What this task involves – Copy the records below exactly, starting at the line that contains "Frankly Niacinamide 15%" and ending at the line that contains "Wide river view"; leave out any pictures.

Dataset records –
=== Begin Enclosure ===
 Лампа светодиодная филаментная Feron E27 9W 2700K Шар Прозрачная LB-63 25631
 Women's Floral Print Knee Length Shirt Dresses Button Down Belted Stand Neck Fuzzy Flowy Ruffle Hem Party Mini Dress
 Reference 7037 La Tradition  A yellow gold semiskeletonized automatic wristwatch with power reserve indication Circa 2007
=== End Enclosure ===
=== Begin Enclosure ===
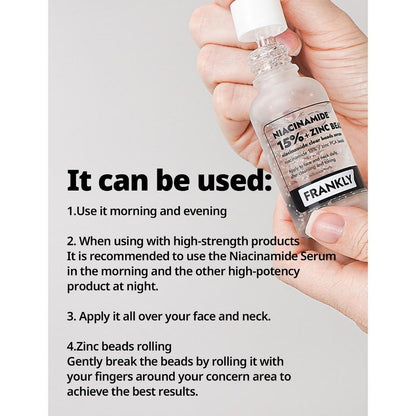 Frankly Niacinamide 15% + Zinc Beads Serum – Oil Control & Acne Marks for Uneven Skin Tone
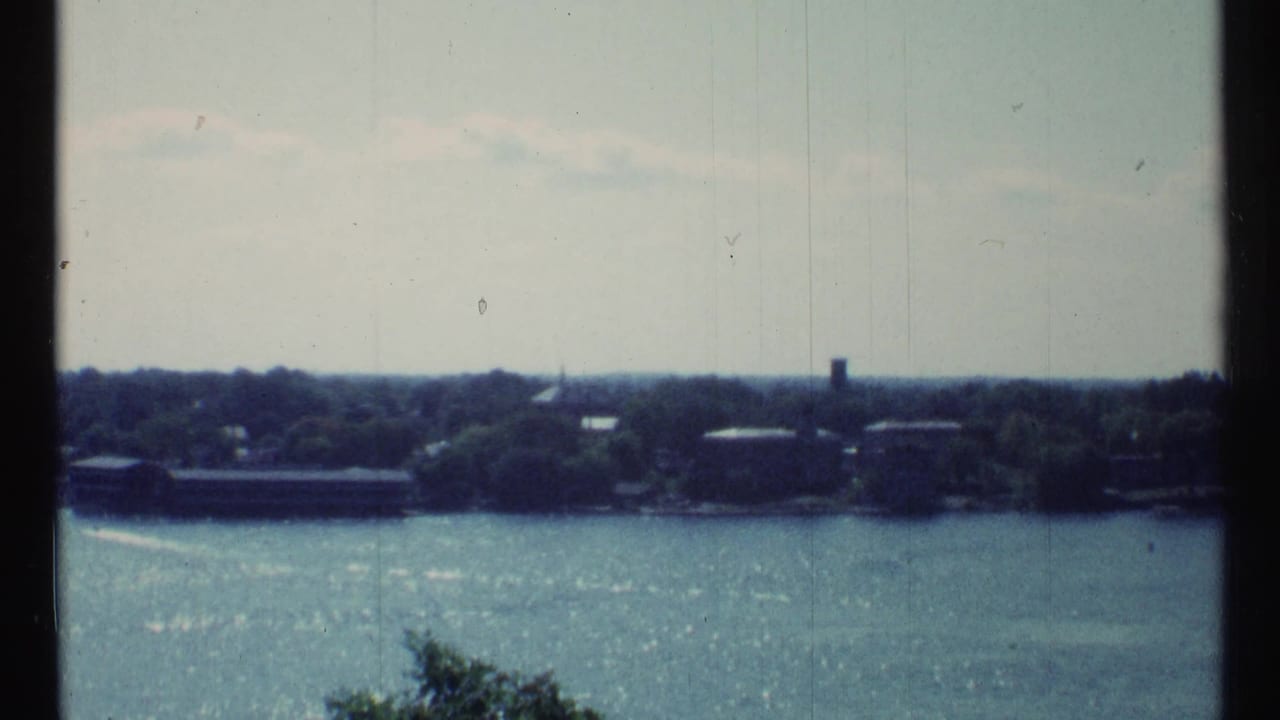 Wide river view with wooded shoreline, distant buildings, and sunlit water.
=== End Enclosure ===
=== Begin Enclosure ===
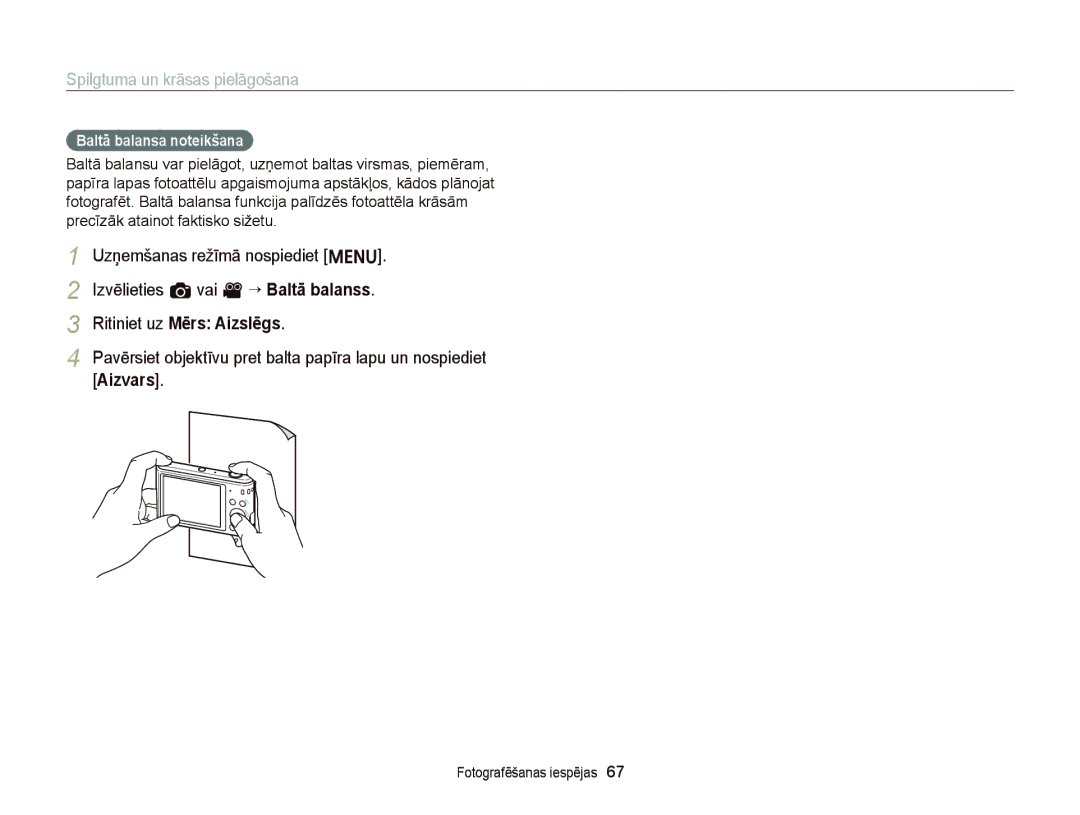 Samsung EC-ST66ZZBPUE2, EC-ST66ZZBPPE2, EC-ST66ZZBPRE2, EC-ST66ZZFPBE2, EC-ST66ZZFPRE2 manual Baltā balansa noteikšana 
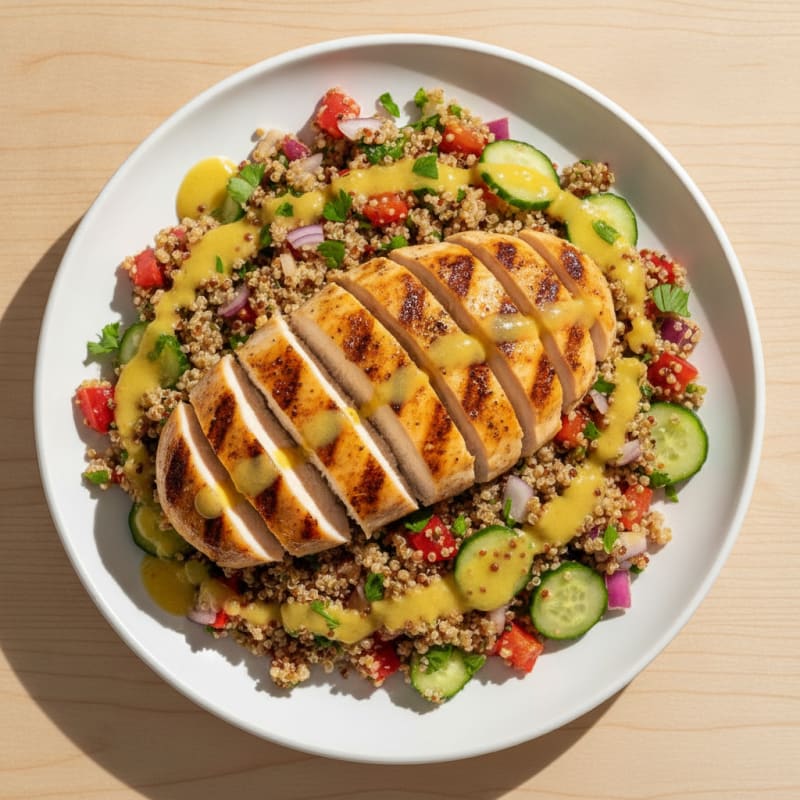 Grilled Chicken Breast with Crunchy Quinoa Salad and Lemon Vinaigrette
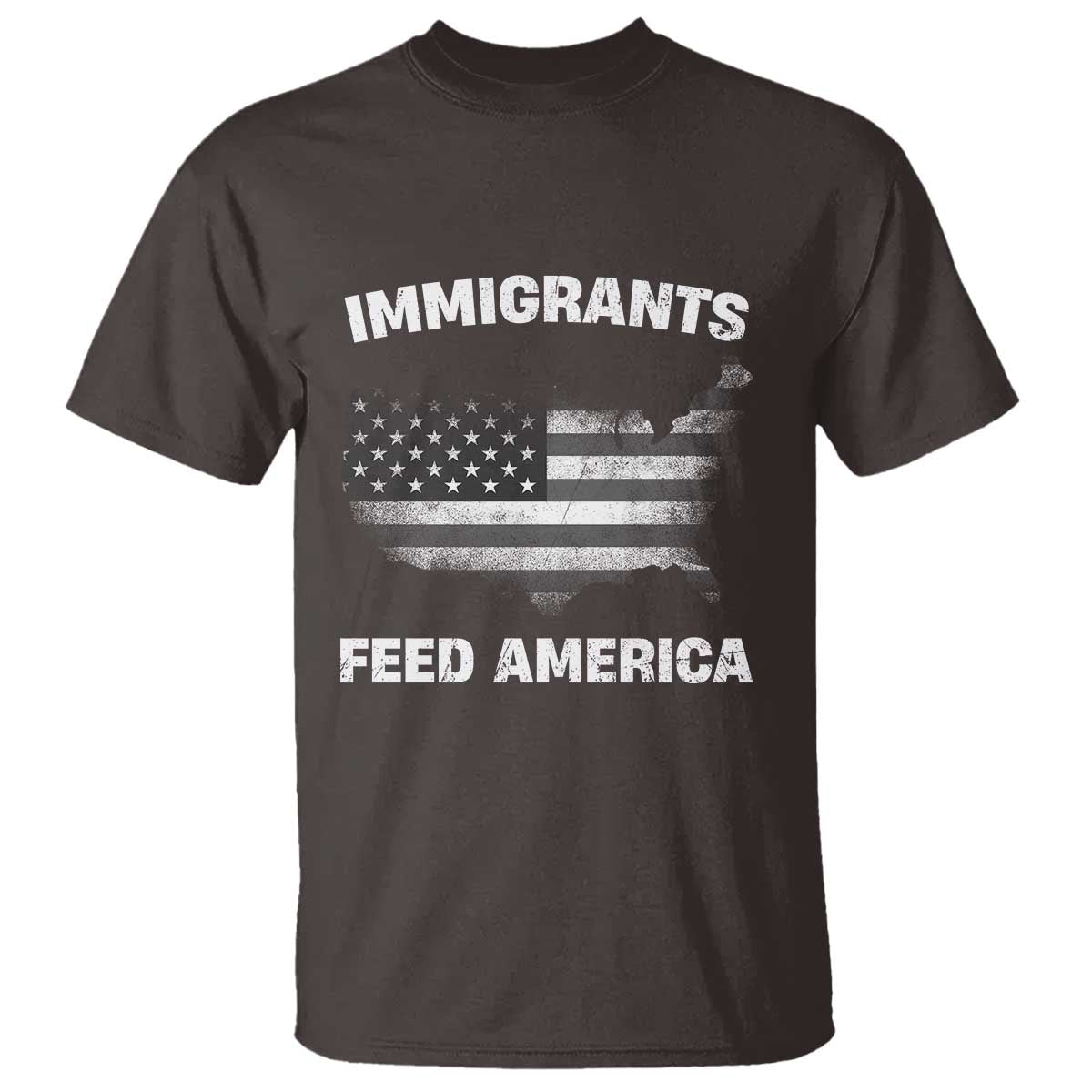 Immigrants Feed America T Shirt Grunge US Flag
=== End Enclosure ===
Response –
 Frankly Niacinamide 15% + Zinc Beads Serum – Oil Control & Acne Marks for Uneven Skin Tone
 Wide river view with wooded shoreline, distant buildings, and sunlit water.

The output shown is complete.